TASK ITEM
When the line with "Fotos: El incendio de Mendiola, en imágenes" comes up, set it down and every later line to the end of the data, exactly and without pictures.

RAW DATA
- Opening Delimiter -

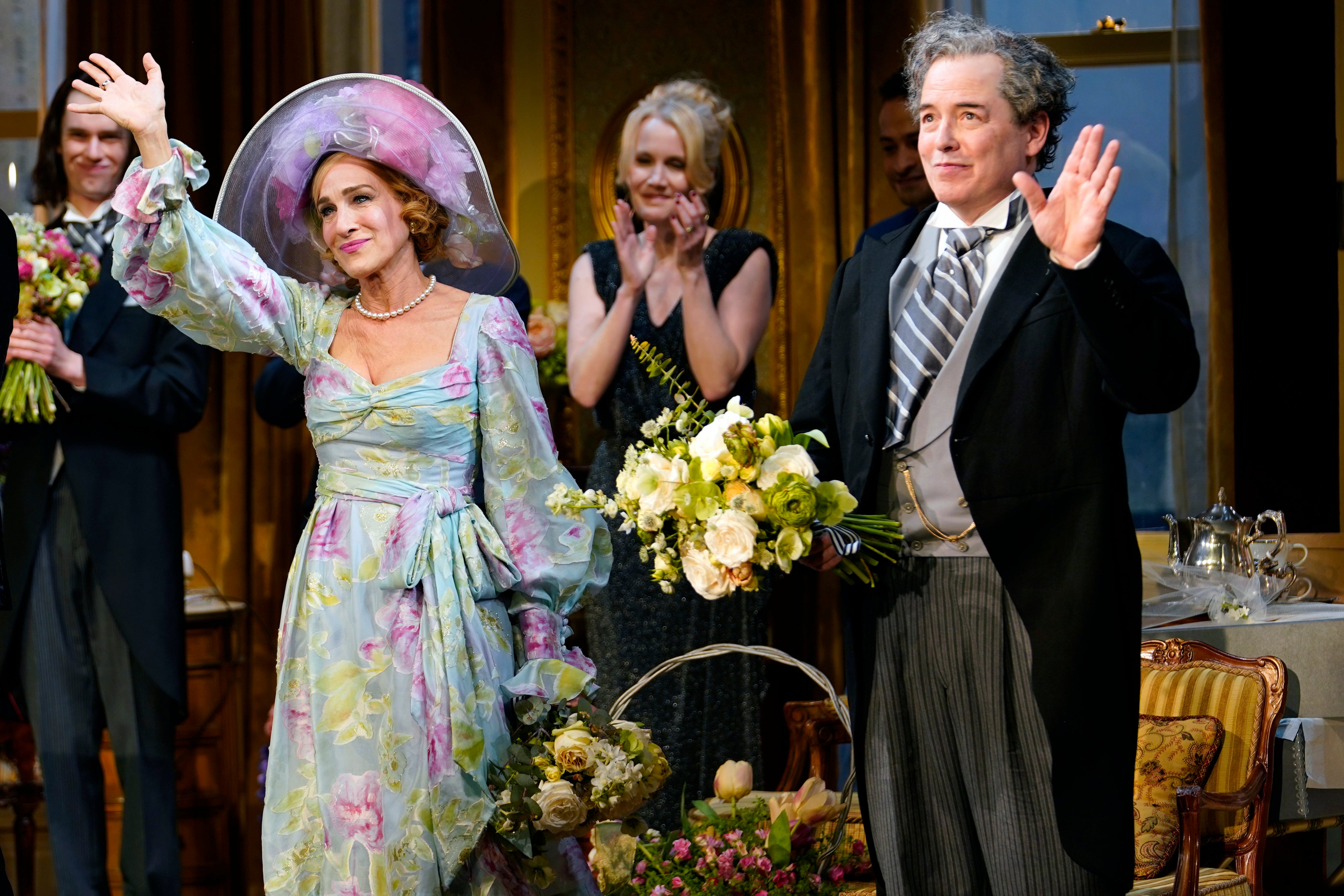 Sarah Jessica Parker sidelined as Broadway fights virus The Independent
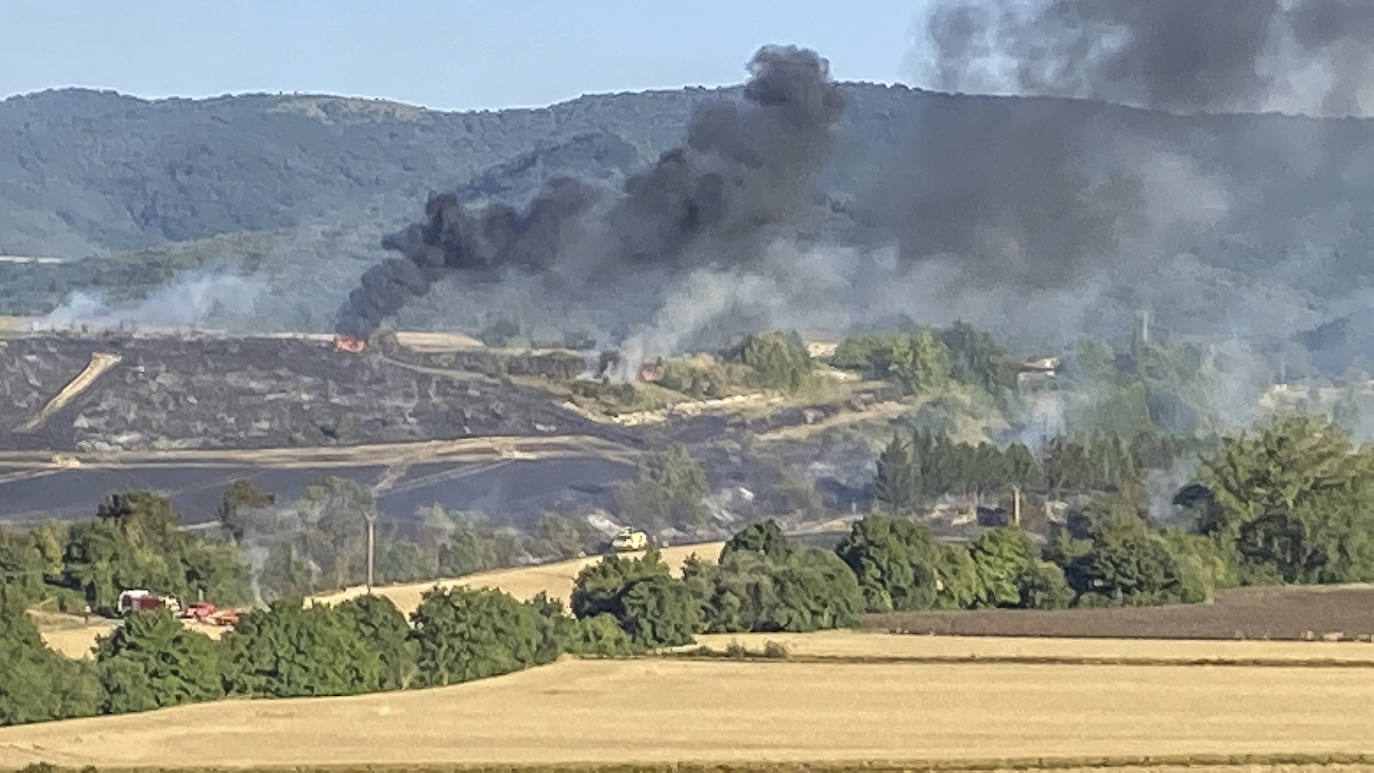 Fotos: El incendio de Mendiola, en imágenes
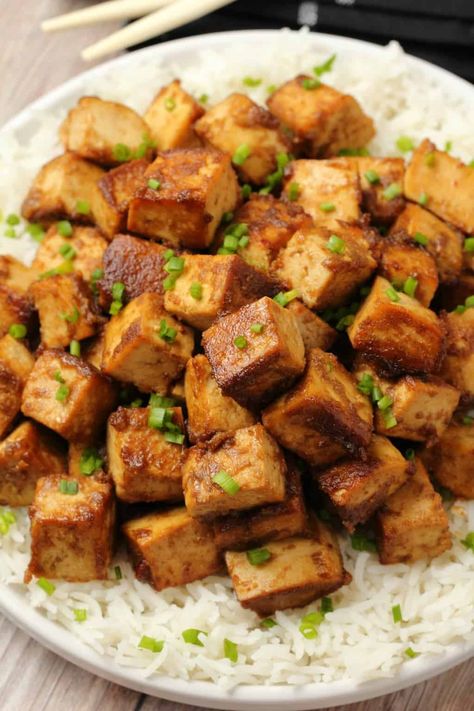 This marinated tofu is super simple and perfect for a quick and easy dinner. It's satisfying and high in protein and will turn you into a massive tofu fan! #vegan #plantbased | lovingitvegan.com Quick Tofu Recipes, Quick Tofu, Vegan Entrees, Tofu Recipes Vegan, Marinated Tofu, Tofu Dishes, Quick And Easy Dinner, Recipes For Dinner, Healthy Work Snacks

- Closing Delimiter -

ANSWER FOR THIS EXERCISE
 Fotos: El incendio de Mendiola, en imágenes
 This marinated tofu is super simple and perfect for a quick and easy dinner. It's satisfying and high in protein and will turn you into a massive tofu fan! #vegan #plantbased | lovingitvegan.com Quick Tofu Recipes, Quick Tofu, Vegan Entrees, Tofu Recipes Vegan, Marinated Tofu, Tofu Dishes, Quick And Easy Dinner, Recipes For Dinner, Healthy Work Snacks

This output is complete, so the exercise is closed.